Le système sociétal de compétition s’étend même dans la façon de gérer un pays, où quasiment toutes les communautés humaines mettent en avant « l’homme fort », le mâle, à la place des idées dans la collaboration.
C’est à la guerre que le mâle trouve toute sa justification, dans l’héroïsme : il défend son pays, sa famille, ses enfants, sa femme, et il le fait dans l’impunité d’infliger exactement ce qu’il défend aux êtres humains d’en face. Tant que la guerre sera un acte héroïque de bravoure et non pas un crime fondamental, l’homme restera une brute par définition. L’homme se définit ainsi lui-même par la violence comme ingrédient principal. Le héros est violent et il s’emmure dans le silence. C’est ça, un homme, un vrai.

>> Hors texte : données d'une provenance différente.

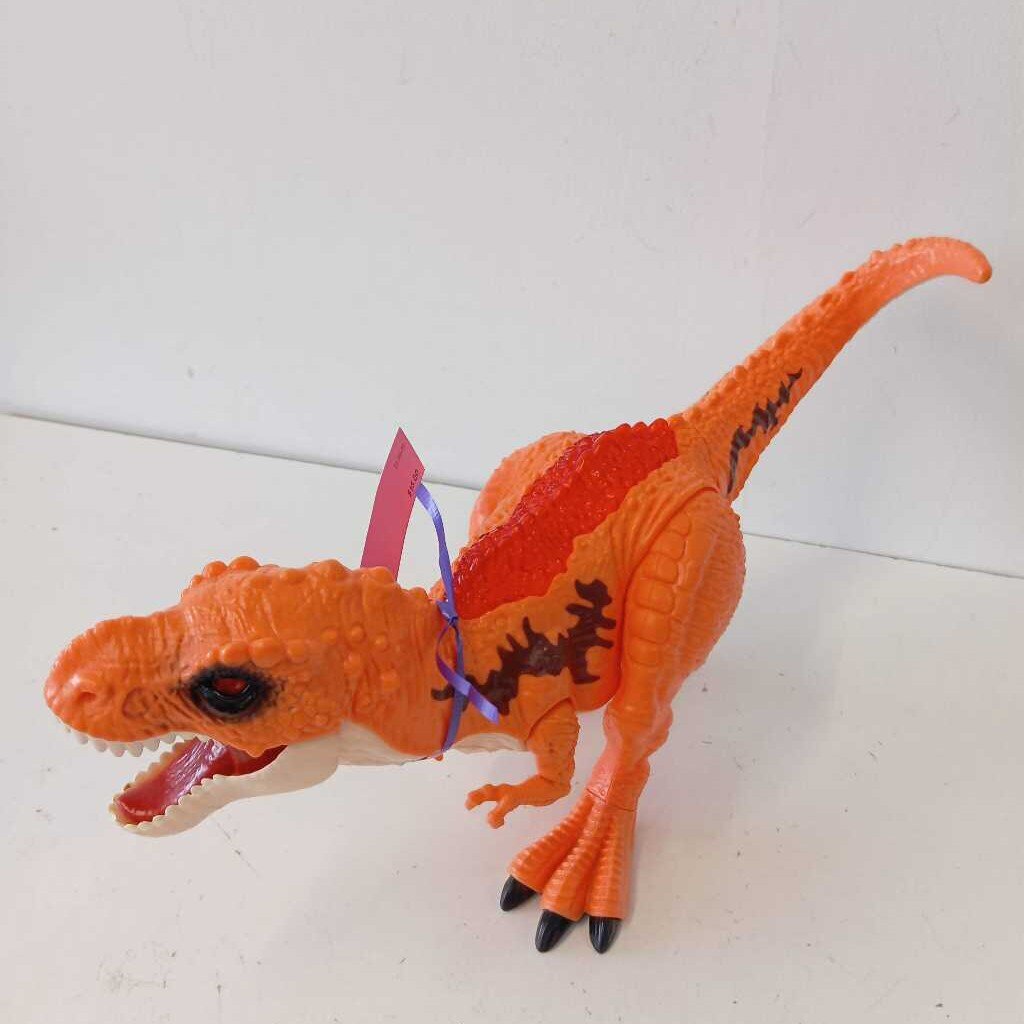 dinosaure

Une des conséquences de l’immaturité des hommes est qu’ils ne se rendent pas compte de leur comportement. Les hommes ne sont pas éduqués à observer leur propre comportement. Notre société misogyne a appris aux hommes de ne pas être féminins. Pourtant, la masculinité n’est pas l’opposé de la féminité, elle est seulement l’opposé de l’enfance de garçon. Et pas un prolongement de cette dernière. Ainsi l’attention, les émotions, et les relations sont les territoires des femmes.
Les hommes ne sont pas concernés, pas vraiment en tout cas, par une profonde et systématique culture de paix, de bienveillance, d’ouverture à l’autre. Les jeunes hommes sont élevés dans l’esprit d’une certaine compétition, pas celle qui conserve la primauté à la célébration de la fraternité et du partage de joie, mais celle où il faut battre l’autre, que ce soit en sport, en entreprise ou en politique.
On trouve ainsi beaucoup de comportements autoritaires, abusifs, présomptueux, immatures .. élevés au rang de normalité. La figure de cet homme-là n’est pas dominante, mais absolutiste ! Je pense que ce que nous infligeons à la planète est directement une conséquence de cet esprit de mâlitude qui ne sait pas être ni vivre en paix, même pas avec lui-même.
Ainsi, des paroles telles que » sois juste comme tu es, tout va bien » , » fais de ton mieux « , « fais confiance à ton cœur », qui mettent l’autre, notamment l’enfant, en valeur et en avant, n’existent pas dans ce type de schéma.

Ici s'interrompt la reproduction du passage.